The Joplin Globe, Joplin, MO

Business

August 7, 2012

Study finds correlation between seismic activity in North Texas, hydraulic fracturing

AUSTIN, Texas — Using newly available technology, a University of Texas seismologist tracking small earthquakes in the Barnett Shale play area of North Texas has found a correlation between geological disturbances and the sort of injection wells that are associated with hydraulic fracturing, according to research appearing this week in the journal Proceedings of the National Academy of Sciences.

Cliff Frohlich, associate director of UT’s Institute for Geophysics, looked at quakes magnitude 3.0 or smaller December 2009 to August 2011. Earthquake seismologists have identified a relationship between certain human activity - the construction of massive lakes, for instance - and seismic activity since at least the 1940s.

“Occasionally, people say to me, ’It’s impossible that humans can cause earthquakes,’” Frohlich told the American-Statesman. “In my community, that’s long-established.” Frohlich found that the most reliably located earthquakes - those accurate to within roughly a mile - occurred in eight groups, all within 2 miles of one or more of high-production injection wells.

In hydraulic fracturing, or fracking, millions of gallons of water, mixed with sand and chemicals, are injected into rock thousands of feet underground to extract natural gas. Frohlich said the most likely explanation for the quakes is that once injected, the fluids apply pressure to faults in the area and unstick them.
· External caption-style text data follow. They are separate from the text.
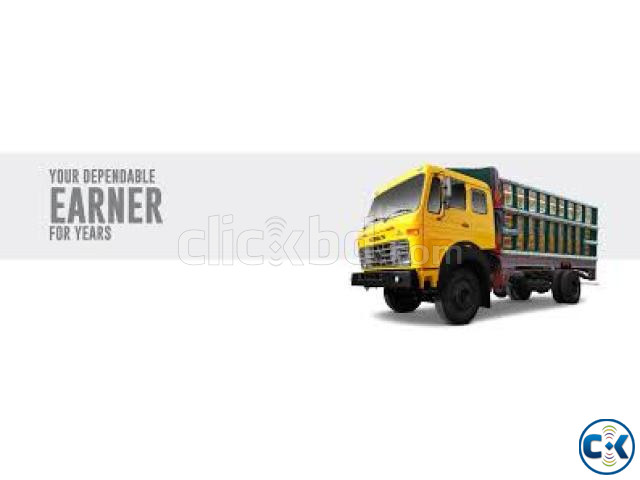 Tata LPT 1615 large image 1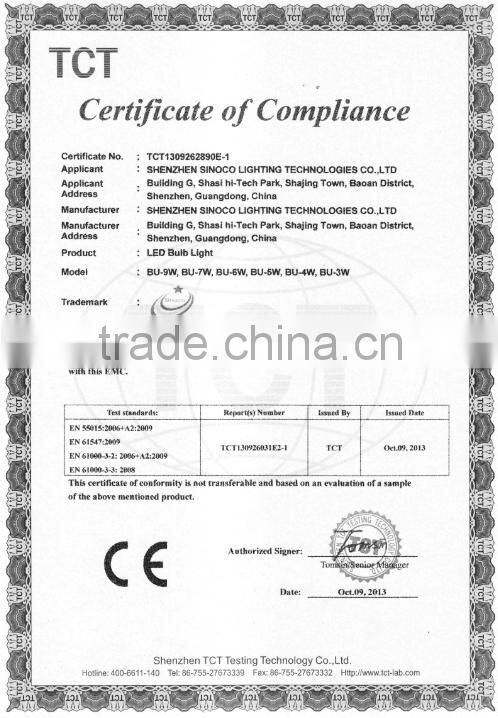 Super bright led lighting bulb led light bulb led bulb 4w 5w 7w 10w 12w ce rohs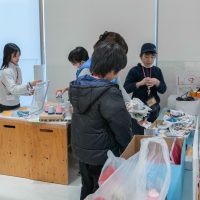 2025年12月28日_こどもバザール大掃除＆お疲れ様会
Imagine, Frohlich said, a slightly inclined air hockey table, with the power turned off. A puck placed on the table will slip until friction stops it. Power up the table, introduce air and the puck will begin to slide again.

“You can’t prove any one of these (quakes) is related to injection,” he said in an interview, but taken all together, there’s a strong correlation.

Previously, the National Earthquake Information Center had identified only two earthquake groups in the area as strongly associated with specific injection wells. Frohlich said his research suggests injection-triggered earthquakes are far more common than is generally recognized.

“These small earthquakes aren’t hurting anybody,” Frohlich said. “People hear about a little earthquake and think you’re going to have Haiti or Japan. It’s like a storm: A magnitude 2.5 or 3 earthquake is fun. Maybe something falls off a shelf. It’s just that Texans are not used to earthquakes.” Only now, Frohlich said, new more sophisticated equipment has picked them up. “There’s almost no history of earthquakes in Johnson County,” he said. “But that’s partly because of the instrumentation.” Frohlich also found that many high-injection wells have no earthquakes nearby.

A National Academies of Science report published this year found that “hydraulic fracturing a well as presently implemented for shale gas recovery does not pose a high risk for inducing felt seismic events.”

“Although only a very small fraction of injection and extraction activities at hundreds of thousands of energy development sites in the United States have induced seismicity at levels that are noticeable to the public, seismic events caused by or likely related to energy development have been measured and felt” in 13 states, including Texas, according to the report. These “induced seismic events” have not led to deaths or major damage.

Still, the report said: “Their effects have been felt locally, and they raise some concern about additional seismic activity and its consequences in areas where energy development is ongoing or planned.” The prescription: “Further research is required.”